Uitspraak
RECHTBANK NOORD-HOLLAND
Koninklijke PostNL B.V.,
Rechtbank Noord-Holland
In deze zaak heeft de Rechtbank Noord-Holland op 16 februari 2018 uitspraak gedaan in een verzoek tot ontbinding van de arbeidsovereenkomst tussen Koninklijke PostNL B.V. (de werkgeefster) en een werknemer die zich ziek had gemeld. De werknemer heeft zich na zijn ziekmelding op 21 april 2017 niet meer laten horen en heeft geen enkele poging gedaan om te voldoen aan zijn re-integratieverplichtingen. Ondanks herhaalde uitnodigingen en aanmaningen van de werkgeefster om contact op te nemen en zich te laten controleren door de bedrijfsarts, heeft de werknemer niet gereageerd. De werkgeefster heeft uiteindelijk een verzoek tot ontbinding van de arbeidsovereenkomst ingediend, waarbij zij zich beroept op ernstig verwijtbaar handelen van de werknemer.
De kantonrechter heeft vastgesteld dat de werknemer niet is verschenen op de zitting en dat hij niet heeft gereageerd op de correspondentie van de werkgeefster. De rechter heeft geoordeeld dat de werkgeefster voldoende heeft aangetoond dat de werknemer zijn wettelijke re-integratieverplichtingen niet is nagekomen en dat er sprake is van ernstig verwijtbaar handelen. De kantonrechter heeft de arbeidsovereenkomst ontbonden met ingang van de uitspraak en bepaald dat de werkgeefster geen transitievergoeding aan de werknemer verschuldigd is. Tevens is de werknemer veroordeeld in de proceskosten van de procedure.

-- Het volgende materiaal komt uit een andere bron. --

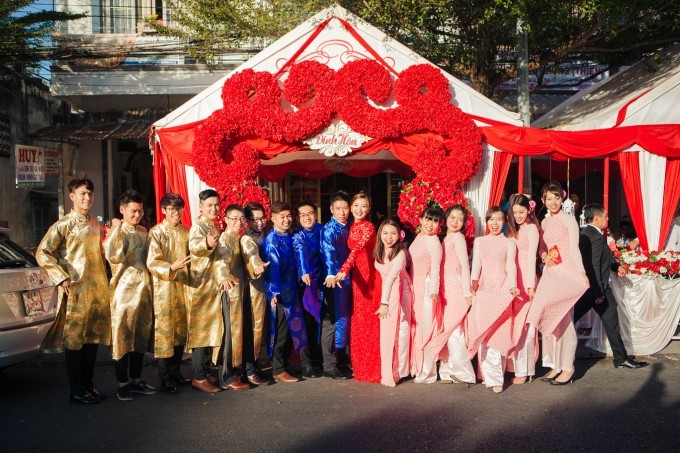 Chồng Á hậu Diễm Trang lái siêu xe 10 tỷ đi hỏi vợ ảnh 4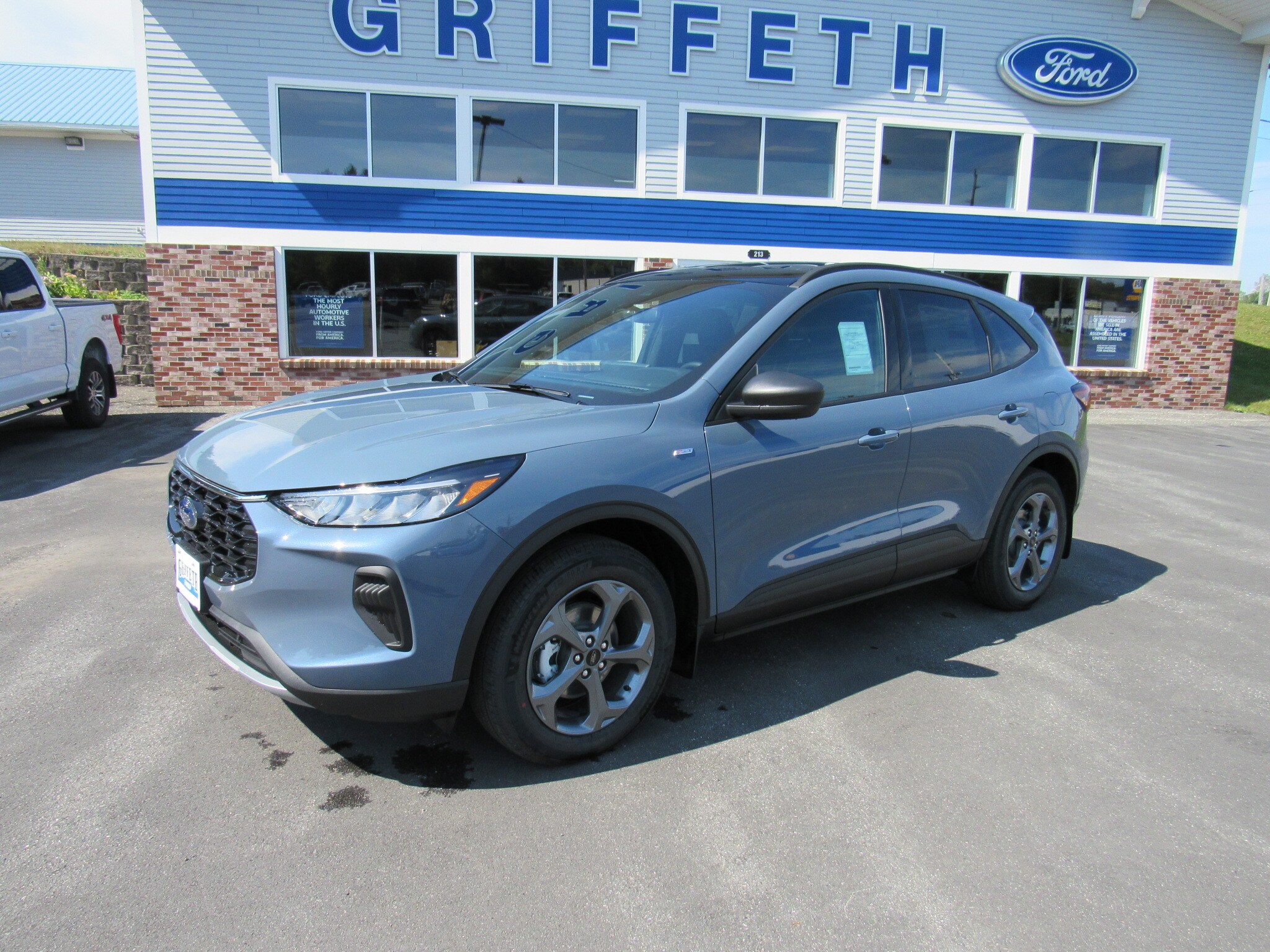 2025 Ford Escape ST-Line photo 3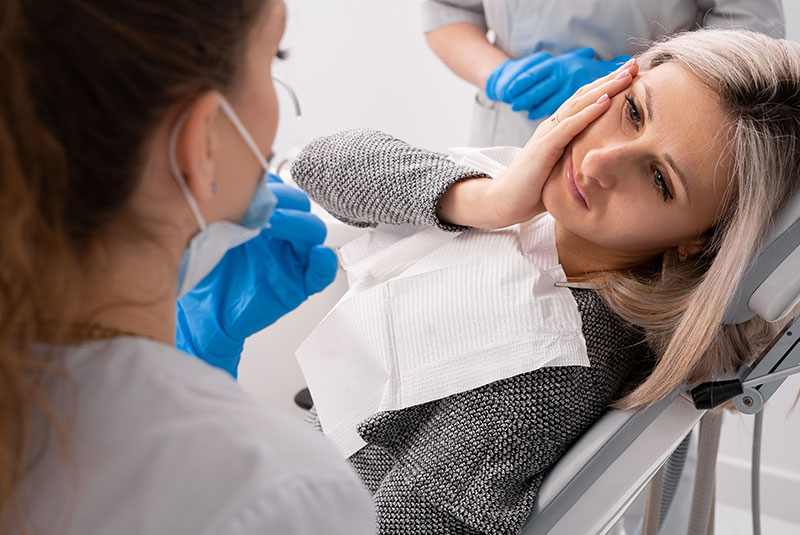 patient experiencing mouth pain within the dental center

De beslissing van de kantonrechter is gebaseerd op de artikelen 7:669 en 7:671b van het Burgerlijk Wetboek, die de voorwaarden voor ontbinding van een arbeidsovereenkomst en de gevolgen daarvan regelen. De rechter heeft geconcludeerd dat herplaatsing van de werknemer niet mogelijk is en dat de omstandigheden zodanig zijn dat van de werkgeefster niet kan worden gevergd de arbeidsovereenkomst voort te zetten.